Greek fashion designer

Yiannis Evangelides (Greek: Γιάννης Ευαγγελίδης) was a Greek fashion designer.

Evangelides was born in Cyprus and moved to Athens when he was 18. He married Vasso Kourtidi. Evangelides originally intended to become a pianist, but after designing dresses for his wife which she had made up by her dressmaker, he decided to go into fashion design. Before World War II broke out in 1939, Evangelides was a couturier in Athens for 20 years. Among his clients was the future Queen of Greece, Frederica of Hanover, who Evangelides described in 1958 as his easiest, least demanding client. Frederica patronised Evangelides between 1938 and 1945.

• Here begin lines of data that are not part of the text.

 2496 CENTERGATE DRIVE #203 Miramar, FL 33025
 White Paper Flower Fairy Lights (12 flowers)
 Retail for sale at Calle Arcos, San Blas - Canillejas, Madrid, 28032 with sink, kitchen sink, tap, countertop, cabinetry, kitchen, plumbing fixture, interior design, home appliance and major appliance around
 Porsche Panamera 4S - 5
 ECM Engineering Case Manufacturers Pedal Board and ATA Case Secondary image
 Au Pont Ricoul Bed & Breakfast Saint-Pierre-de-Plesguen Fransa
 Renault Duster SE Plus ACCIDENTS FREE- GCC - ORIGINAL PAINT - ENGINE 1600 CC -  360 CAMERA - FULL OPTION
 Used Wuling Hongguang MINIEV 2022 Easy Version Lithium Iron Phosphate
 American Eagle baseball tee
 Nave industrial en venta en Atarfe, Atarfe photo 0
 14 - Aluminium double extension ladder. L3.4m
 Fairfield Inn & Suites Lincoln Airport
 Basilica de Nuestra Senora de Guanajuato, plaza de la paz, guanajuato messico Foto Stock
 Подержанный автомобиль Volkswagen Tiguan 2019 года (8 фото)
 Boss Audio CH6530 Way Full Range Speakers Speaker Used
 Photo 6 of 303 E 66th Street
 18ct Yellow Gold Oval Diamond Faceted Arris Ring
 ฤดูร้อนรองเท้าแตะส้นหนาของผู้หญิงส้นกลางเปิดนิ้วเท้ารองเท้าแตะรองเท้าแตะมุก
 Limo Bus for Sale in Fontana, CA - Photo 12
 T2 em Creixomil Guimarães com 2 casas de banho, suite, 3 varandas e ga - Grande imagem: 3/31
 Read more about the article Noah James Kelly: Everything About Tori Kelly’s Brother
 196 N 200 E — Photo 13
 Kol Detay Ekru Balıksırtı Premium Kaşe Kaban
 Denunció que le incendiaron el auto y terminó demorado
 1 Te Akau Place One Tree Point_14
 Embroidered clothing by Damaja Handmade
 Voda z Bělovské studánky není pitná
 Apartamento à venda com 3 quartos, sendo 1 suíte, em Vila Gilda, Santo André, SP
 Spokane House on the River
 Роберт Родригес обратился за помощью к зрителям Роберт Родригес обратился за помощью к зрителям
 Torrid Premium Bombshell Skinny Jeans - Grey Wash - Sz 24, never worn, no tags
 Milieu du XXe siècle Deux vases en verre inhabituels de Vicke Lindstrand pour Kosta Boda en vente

His first New York show was held in January 1940, showing pleated gowns in blue and terracotta, with short decorative jackets and draped scarves directly referencing Greek folk costume. In 1951 Evangelides had returned to New York, where he planned to stay and establish himself as a designer, not just of couture, but of ready-to-wear for the wholesale market. Alongside his twenty years' experience in high-end fashion design, he had also worked for five years as a designer for a wholesaler in Capetown, California. In 1954 Evangelides became a designer for the custom salon at Bonwit Teller, where his dresses, presented alongside imported Paris gowns, were noted for their use of tucks and pleats. In 1958, Evangelides owned a dress shop on East 57th Street, titled "Yanni". He offered his first ready-to-wear collection in 1958.